EXERCISE BRIEF ->
In the records below, take the line with "8-lichts retro rustieke" and all lines after it, and copy them exactly, pictures excluded.

PROVIDED DATA ->
-------------------------

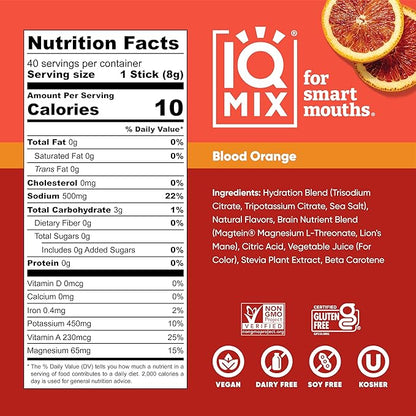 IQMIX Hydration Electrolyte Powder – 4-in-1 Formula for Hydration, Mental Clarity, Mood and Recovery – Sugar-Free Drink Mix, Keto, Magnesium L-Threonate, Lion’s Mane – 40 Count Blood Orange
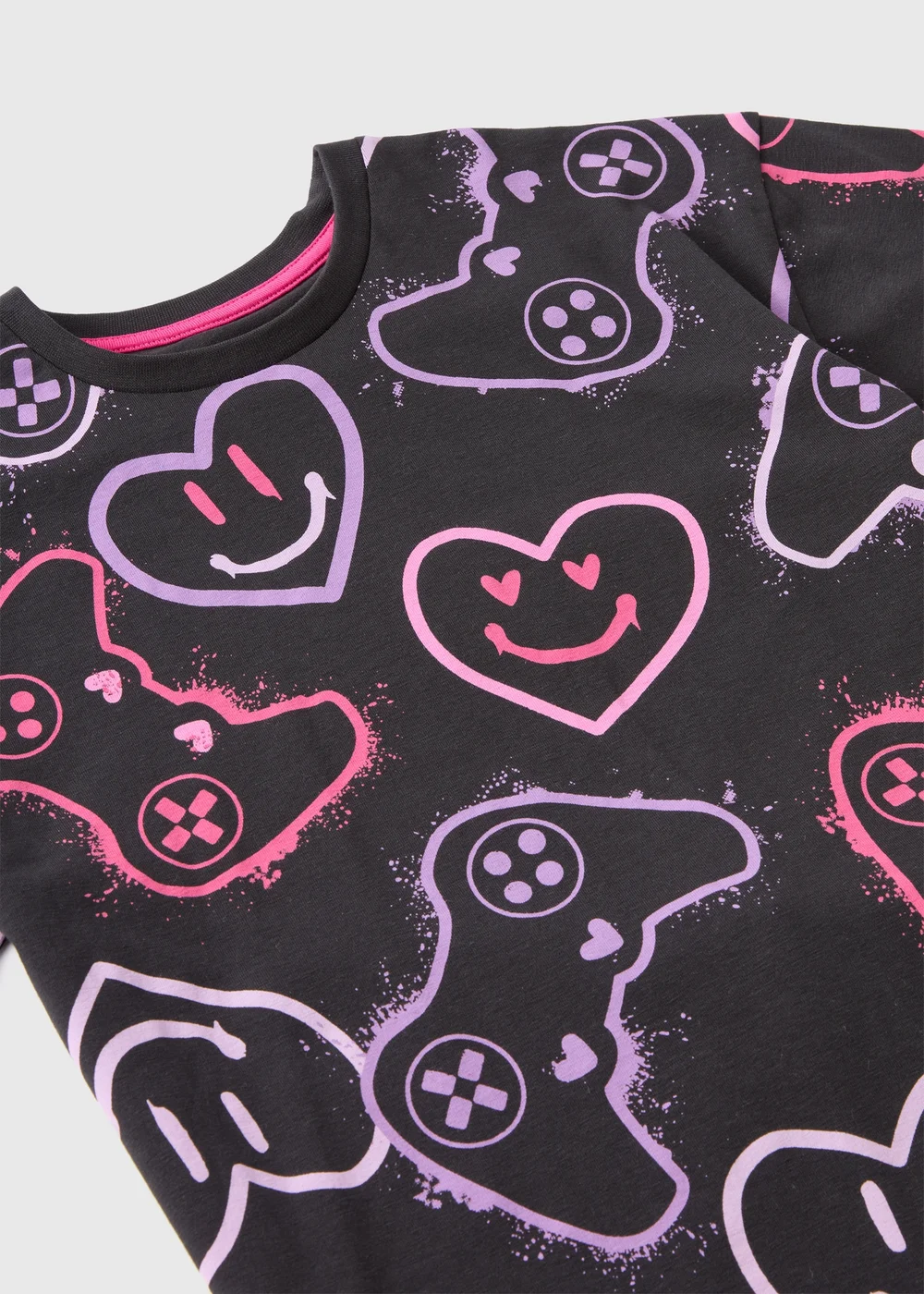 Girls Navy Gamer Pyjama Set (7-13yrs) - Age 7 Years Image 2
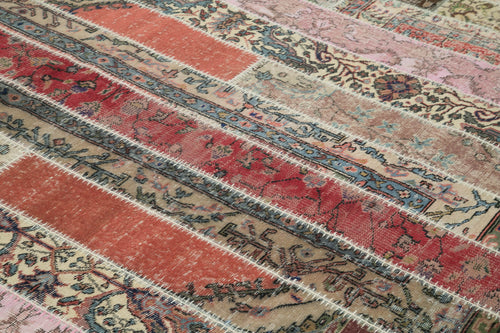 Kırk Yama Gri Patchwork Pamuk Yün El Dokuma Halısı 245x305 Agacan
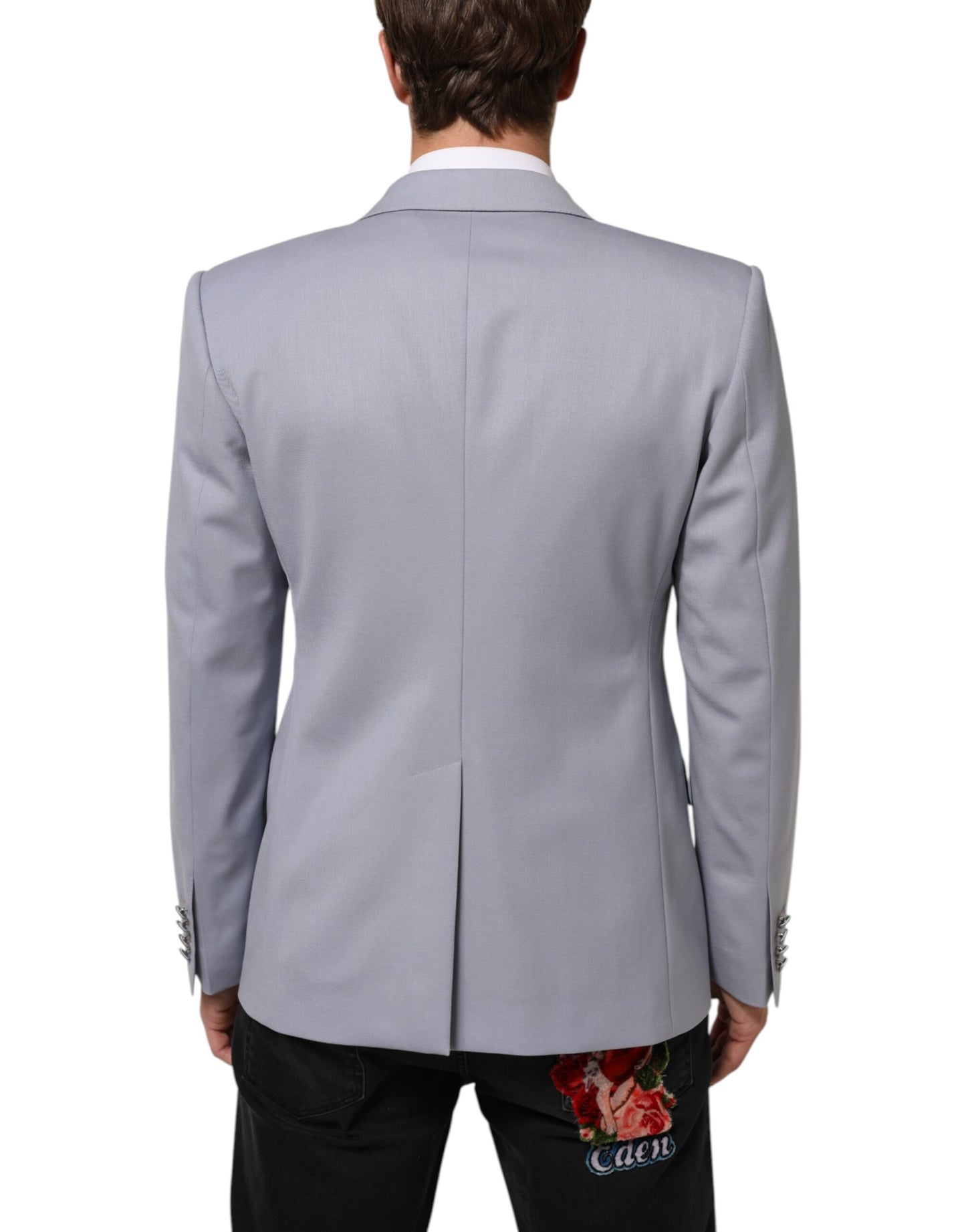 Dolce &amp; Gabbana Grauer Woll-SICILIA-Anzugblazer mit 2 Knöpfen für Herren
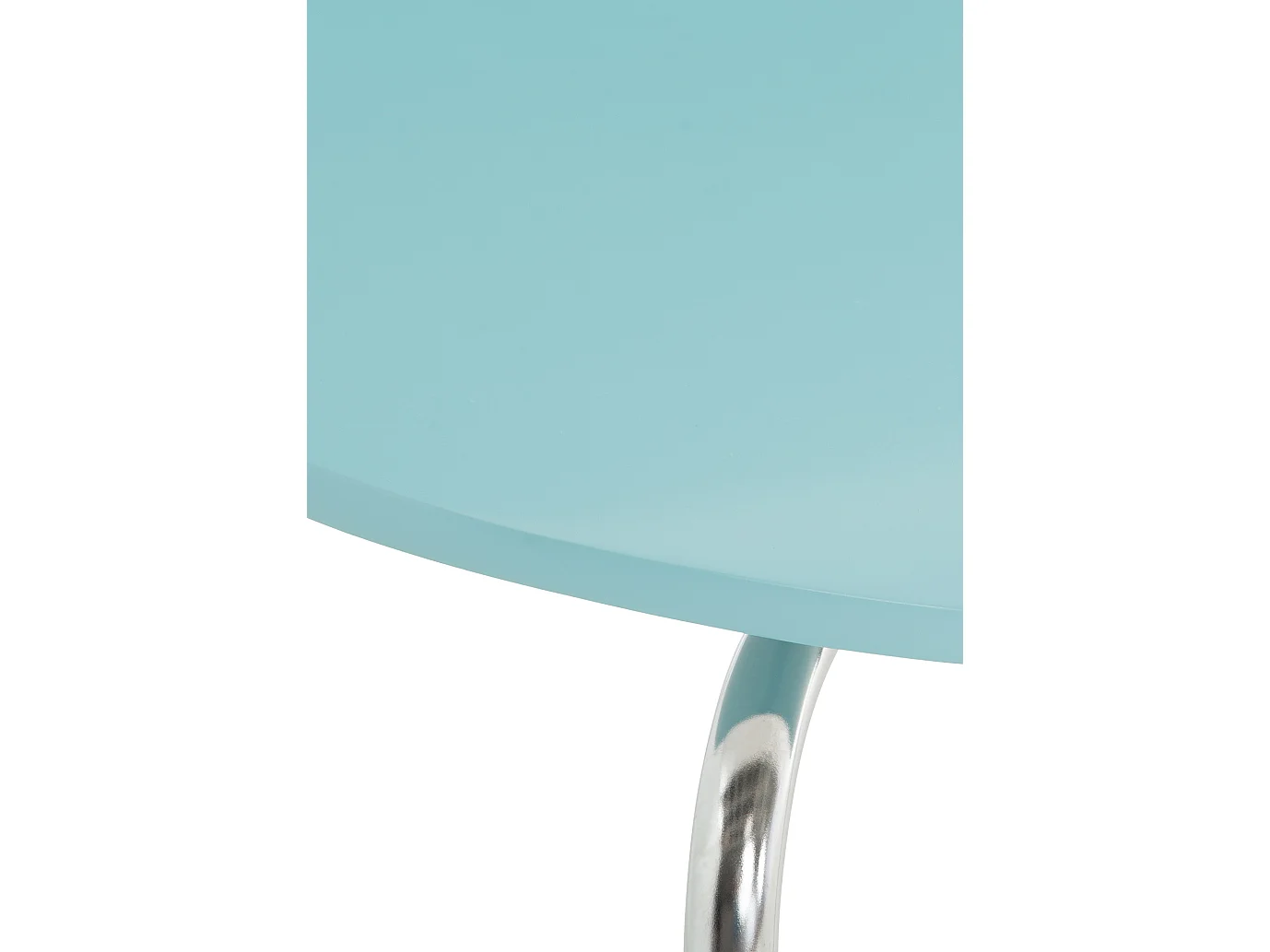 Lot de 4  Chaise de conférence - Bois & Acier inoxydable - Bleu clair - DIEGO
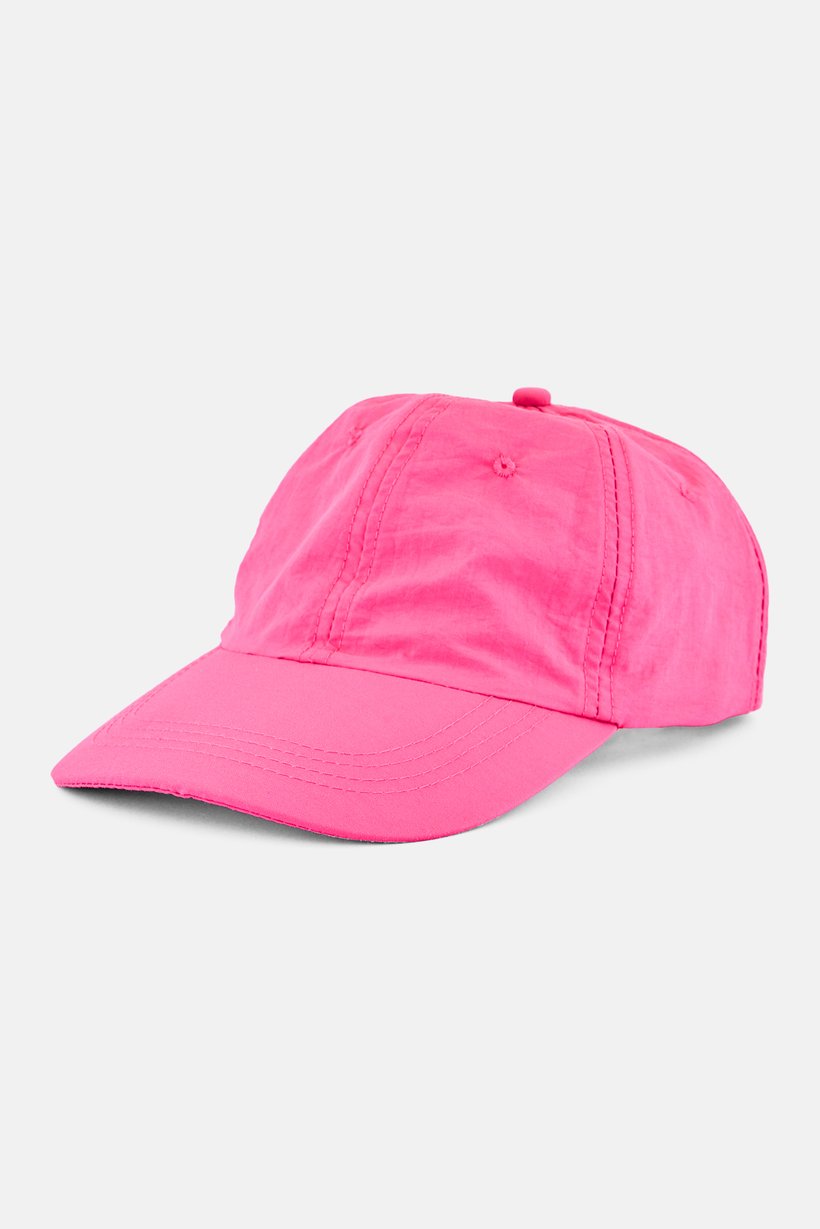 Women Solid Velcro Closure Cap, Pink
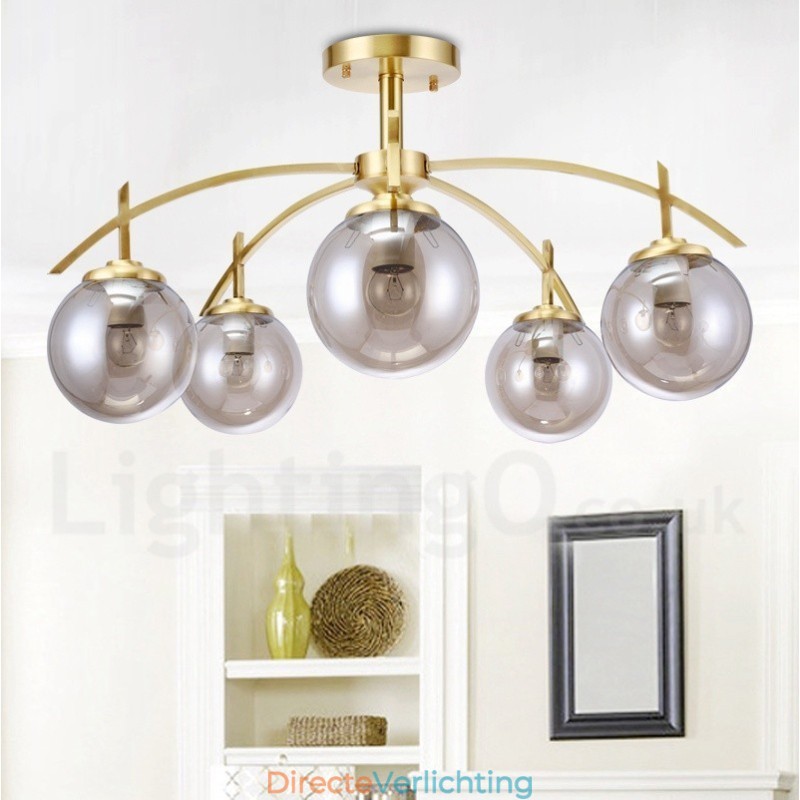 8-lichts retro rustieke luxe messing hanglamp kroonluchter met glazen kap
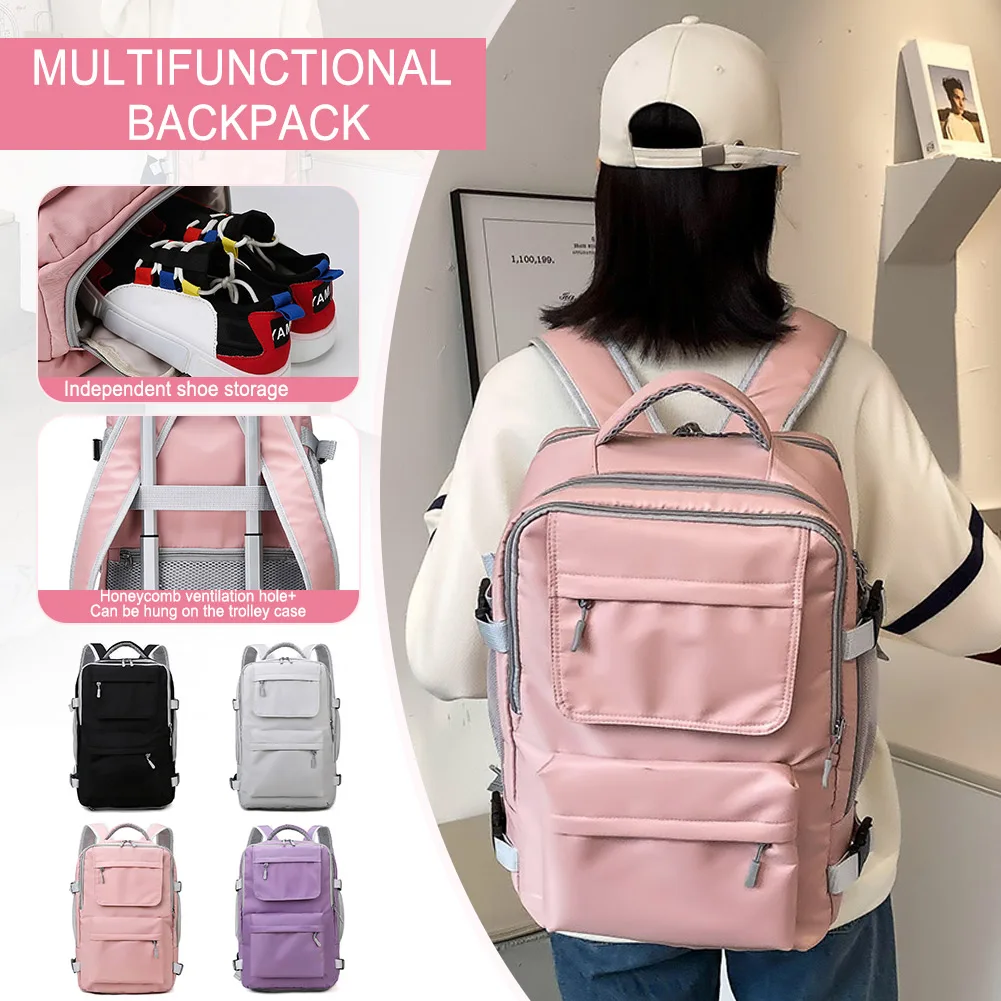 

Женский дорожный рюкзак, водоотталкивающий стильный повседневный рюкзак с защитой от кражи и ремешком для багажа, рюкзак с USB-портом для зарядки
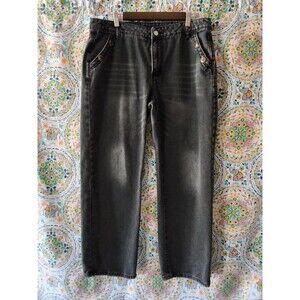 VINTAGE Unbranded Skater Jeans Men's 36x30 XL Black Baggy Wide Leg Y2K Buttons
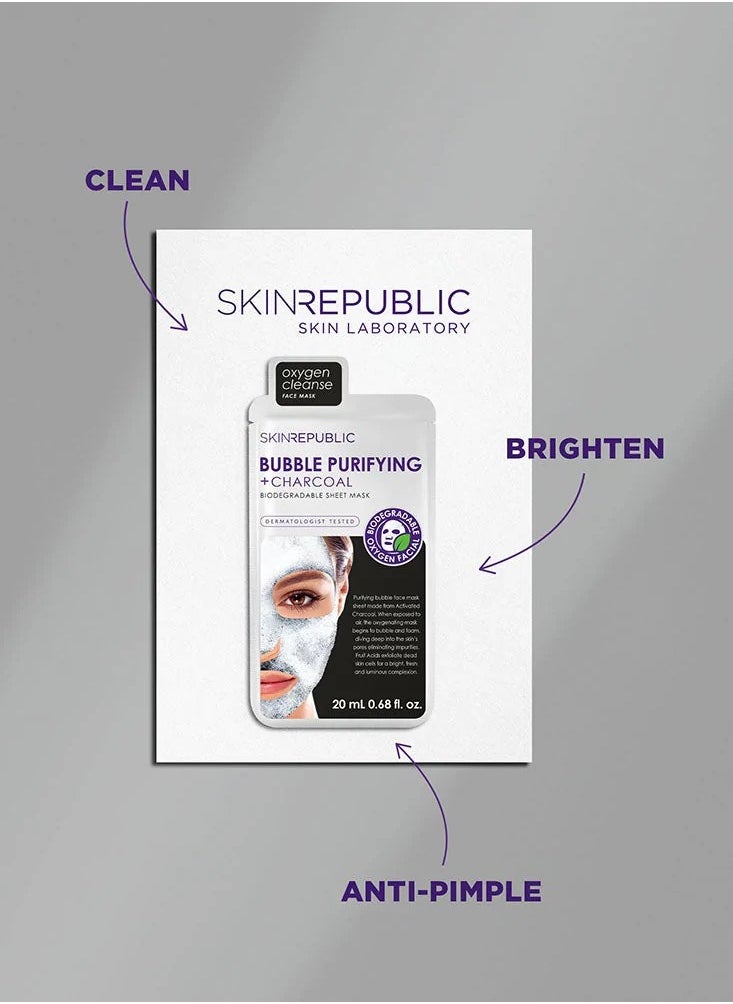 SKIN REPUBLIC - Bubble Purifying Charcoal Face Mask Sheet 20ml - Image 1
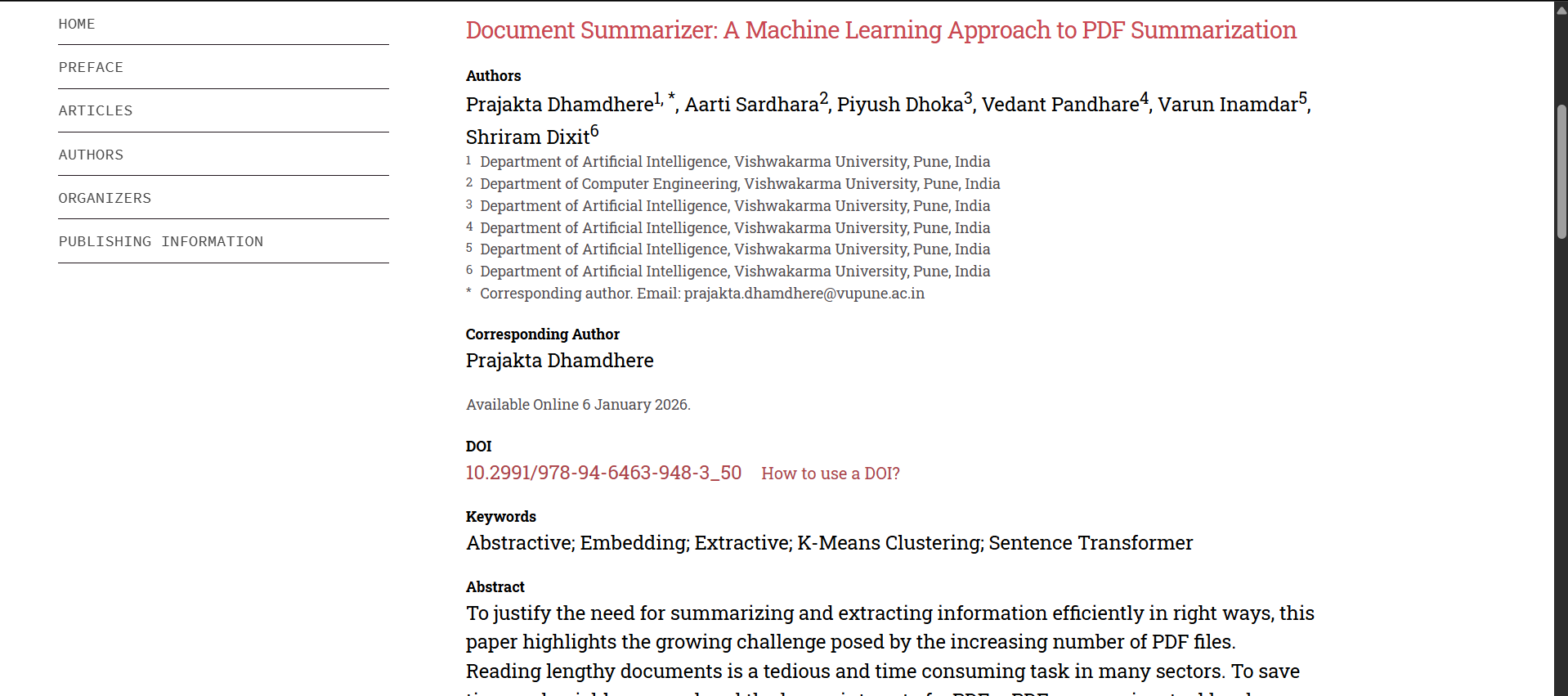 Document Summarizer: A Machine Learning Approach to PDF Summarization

-------------------------

EXERCISE SOLUTION ->
 8-lichts retro rustieke luxe messing hanglamp kroonluchter met glazen kap

Женский дорожный рюкзак, водоотталкивающий стильный повседневный рюкзак с защитой от кражи и ремешком для багажа, рюкзак с USB-портом для зарядки
 VINTAGE Unbranded Skater Jeans Men's 36x30 XL Black Baggy Wide Leg Y2K Buttons
 SKIN REPUBLIC - Bubble Purifying Charcoal Face Mask Sheet 20ml - Image 1
 Document Summarizer: A Machine Learning Approach to PDF Summarization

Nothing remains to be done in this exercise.